TASK REQUIREMENTS:
Leave the pictures out. Return the rest of the listing below exactly.

RECORDS SHOWN:
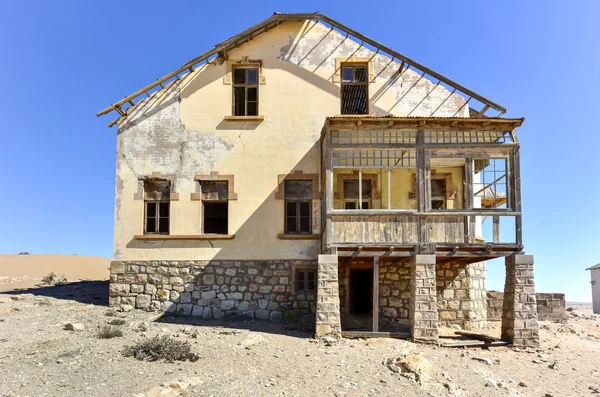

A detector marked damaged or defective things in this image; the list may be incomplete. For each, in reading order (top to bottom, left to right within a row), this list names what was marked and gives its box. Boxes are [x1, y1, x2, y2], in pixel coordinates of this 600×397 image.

broken window [233, 66, 258, 115]
broken window [340, 63, 368, 113]
broken window [141, 180, 169, 234]
broken window [202, 181, 230, 234]
broken window [286, 180, 314, 234]
broken window [342, 179, 370, 209]
broken window [296, 268, 316, 292]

WORKED SOLUTION:
A detector marked damaged or defective things in this image; the list may be incomplete. For each, in reading order (top to bottom, left to right within a row), this list names what was marked and gives its box. Boxes are [x1, y1, x2, y2], in pixel coordinates of this 600×397 image.

broken window [233, 66, 258, 115]
broken window [340, 63, 368, 113]
broken window [141, 180, 169, 234]
broken window [202, 181, 230, 234]
broken window [286, 180, 314, 234]
broken window [342, 179, 370, 209]
broken window [296, 268, 316, 292]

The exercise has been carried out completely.